PROBLEM STATEMENT
Omitting all images, give the entries that follow again exactly as they read.

★ ★ ★ ★ ★

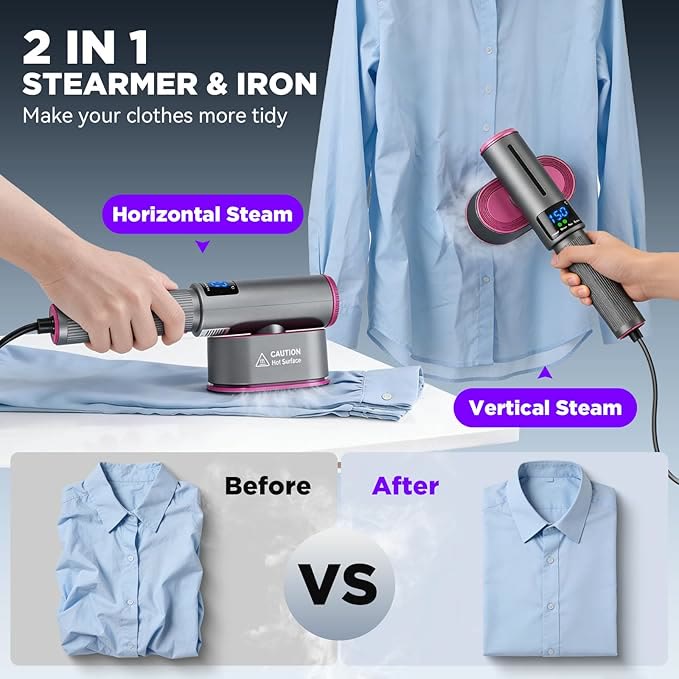 Garment Steamer for Clothes, Portable Travel Clothing Steamer Iron - image 2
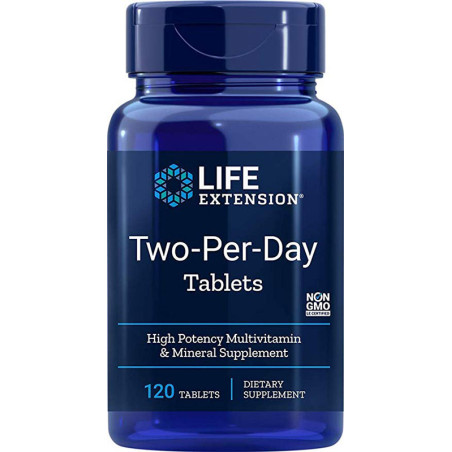 LIFE EXTENSION TWO-PER-DAY 120 tab
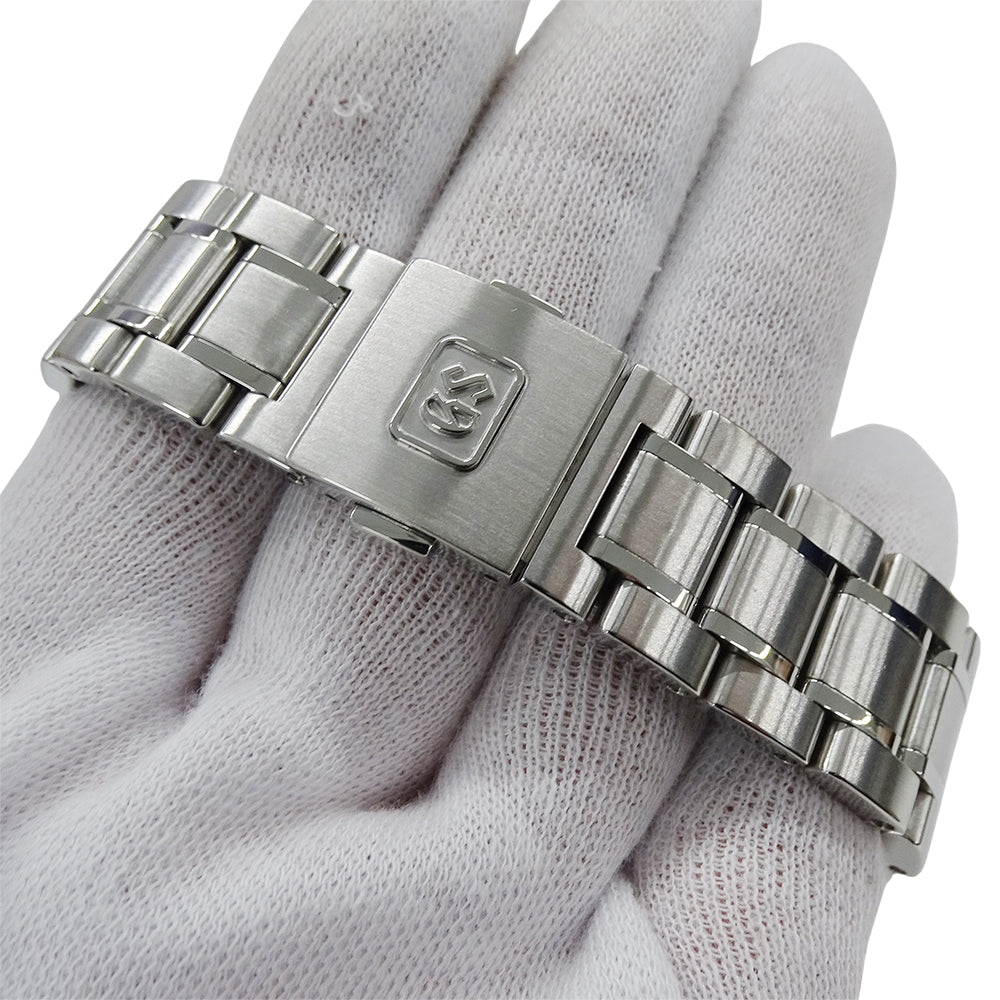 GRAND SEIKO グランドセイコー GS ヘリテージ 9R65-0CV0 SBGA375 メンズ 腕時計 スプリングドライブ パワーリザーブ デイト 自動巻き AT ステンレス SS 磨き済み 【中古】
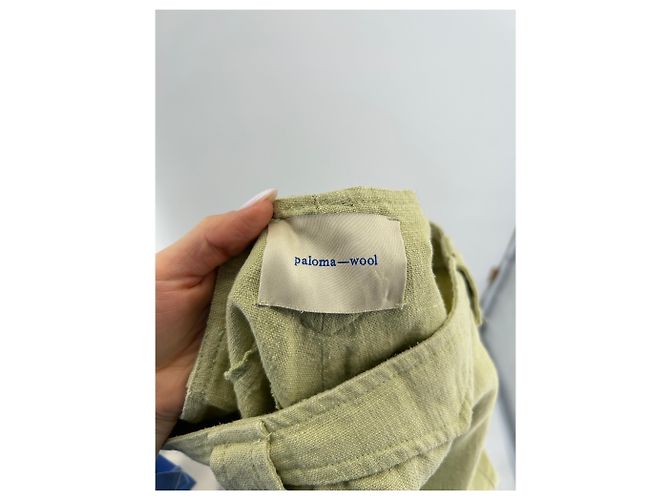 Autre Marque PALOMA WOOL Hose T.FR 38 aus Leinen Grün - Ansicht 4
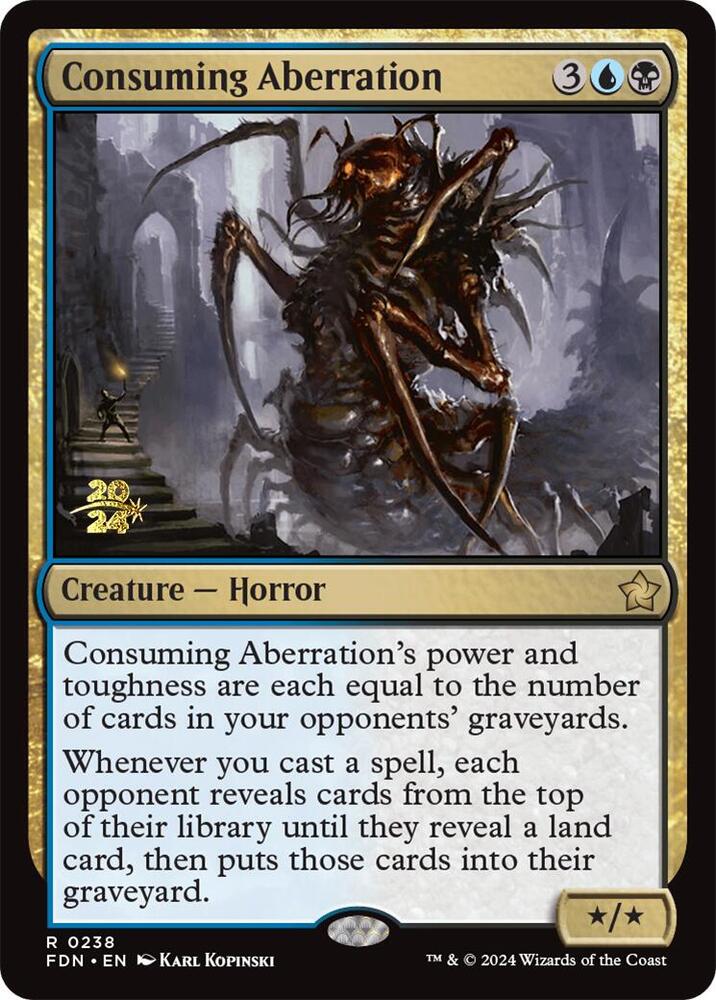 Consuming Aberration (FDN) [Prerelease Cards] 238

★ ★ ★ ★ ★

OUTPUT FOR THIS EXERCISE
 Garment Steamer for Clothes, Portable Travel Clothing Steamer Iron - image 2
 LIFE EXTENSION TWO-PER-DAY 120 tab
 GRAND SEIKO グランドセイコー GS ヘリテージ 9R65-0CV0 SBGA375 メンズ 腕時計 スプリングドライブ パワーリザーブ デイト 自動巻き AT ステンレス SS 磨き済み 【中古】
 Autre Marque PALOMA WOOL Hose T.FR 38 aus Leinen Grün - Ansicht 4
 Consuming Aberration (FDN) [Prerelease Cards] 238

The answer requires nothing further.